OUR TAKE: If granted, this relief would allow closed-end funds to create a distribution structure similar to open-end funds. This would allow sponsors, who wish to invest inilliquid securities not eligible for open-end funds, to create pooled vehicles with some shareholder liquidity and still compensate their distribution partners.

SEC Allows Foreign Funds to Expand Investments in U.S. Funds (8/5/09)

The SEC has granted no-action relief to allow a foreign fund to invest more than 5% of its assets in a U.S. registered funds so long as the foreign fund does not purchase more than 3% of the U.S. fund. The no-action relief allows a foreign fund to go outside the strictures of Investment Company Act Sections 12(d)(1)(A)(ii) and (iii), which limit investments by funds in other funds. The applicant represented that the foreign investing funds would not sell their securities to U.S. Persons. The SEC agreed with the applicant's contention that the SEC "had no significant regulatory interest in protecting the acquiring funds and their shareholders" because they were not domiciled or sold in the U.S.

OUR TAKE: We agree with the analysis and applaud the result. We are surprised that the SEC agreed to limit its jurisdictional reach because it has generally sought to expand its jurisdiction in recent regulatory actions and litigation.

Third Circuit Rules that Feeder Fund Manager Must Register as CPO if it Invests in Underlying Commodity Pools (7/17/09)

The US Court of Appeals for the Third Circuit has ruled that the manager of a feeder fund that invests in a commodity pool must register as a commodity pool operator under the Commodity Exchange Act. The Court rejected the defendant’s argument that it did not need to register as a CPO because it did not itself trade commodities. The Court opined that the defendant’s solicitation of funds for the purpose of trading commodities triggered registration.

OUR TAKE: We disagree with the Court’s statutory interpretation because the defendant solicited funds for its feeder fund not to trade commodities. Nevertheless, this case should be considered by any feeder fund to the extent it invests in an underlying commodity pool. This will require a review the offering documents to determine regulatory status.

Federal Judge Rules that Hedge Fund is Bound by Terms of ISDA Docs in CDS Dispute (7/15/09)

A Federal judge dismissed most of the claims brought by a hedge fund against a bank under the terms of a credit default swap where the bank was the protection buyer and the hedge fund was the protection seller. As permitted by the ISDA Agreement and related Credit Support Annex, the bank demanded additional collateral as the value of the underlying ABS paper declined. The hedge fund complied with several credit support requests but began to balk as the total collateral approached the notional amount of the CDS. The hedge fund claimed that the bank had made pre-contract representations about the amount of collateral it would require and the economics of the deal, thereby fraudulently inducing the hedge fund to enter into the Agreement. The judge dismissed most of the hedge fund’s claims because the terms of the contact should be enforced against two sophisticated parties. Left open for trial was whether the bank acted in bad faith in its role as Valuation Agent.

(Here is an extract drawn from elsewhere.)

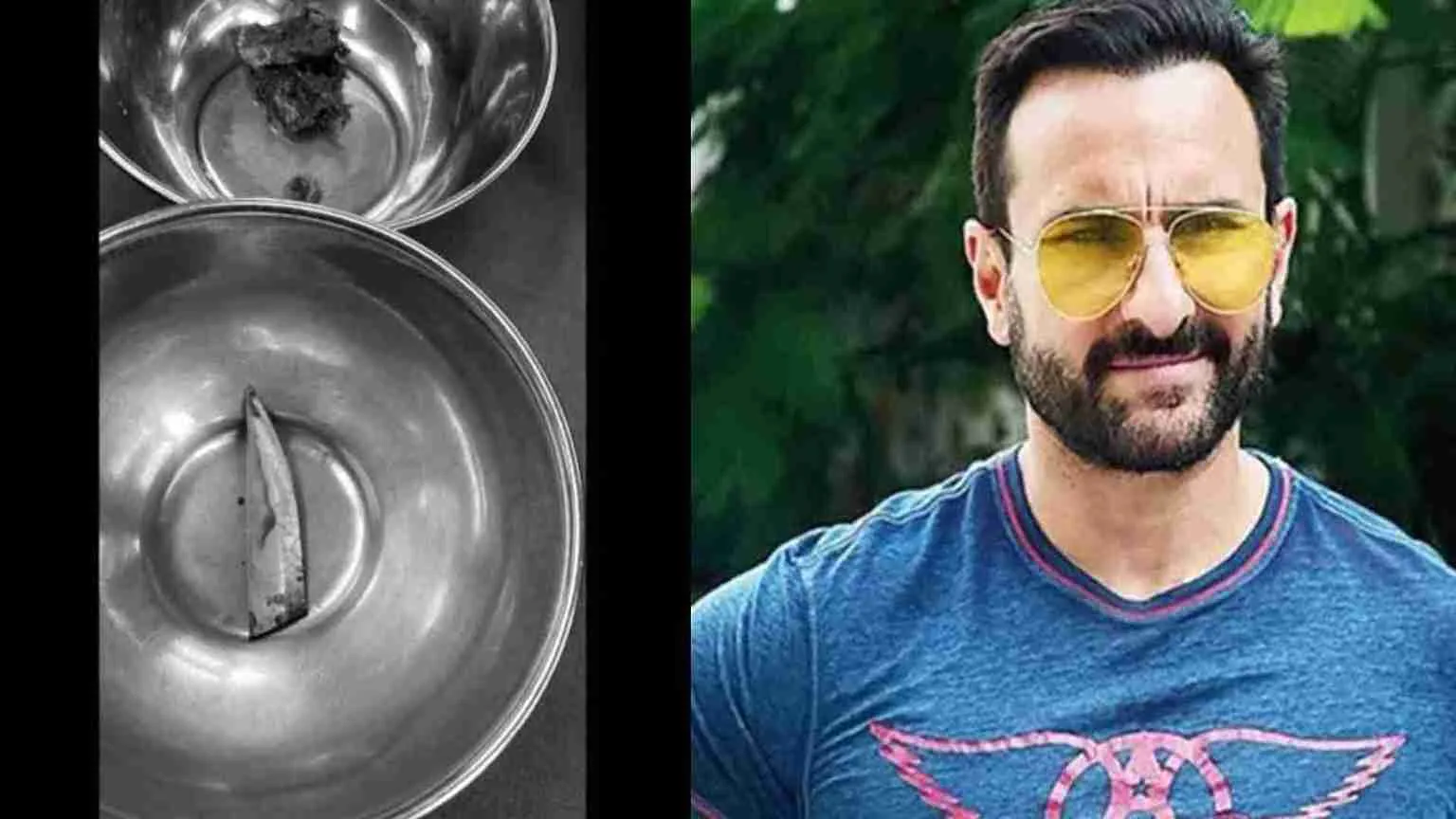 ‘If 2 mm Deeper Knife..’: Doctors On Saif Ali Khan’s Miraculous Recovery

OUR TAKE: This is why people hire lawyers to review ISDA Agreements. It all looks boilerplate until the economics change. We have been surprised/terrified by seemingly sophisticated parties who sign swap agreements without reviewing the terms.

SEC Votes to Propose Big Changes to Money Market Funds (6/25/09)

In its open meeting yesterday, the SEC voted to propose sweeping regulatory changes for money market funds and to consider several other fundamental changes. The SEC’s proposed amendments would require minimum levels of liquid assets to pay redemptions, shortened weighted average maturities, eliminating higher-risk securities, periodic stress testing, and monthly holdings reports. The SEC also said it would consider eliminating the fixed $1.00 NAV regime and satisfying redemption requests “in-kind” if over a certain size.

OUR TAKE: The SEC needs to be careful not to make money market funds an expensive low-yielding product, which could be the result if these suggested proposals are adopted. Investors may become more interested in competitive products such as bank CDs.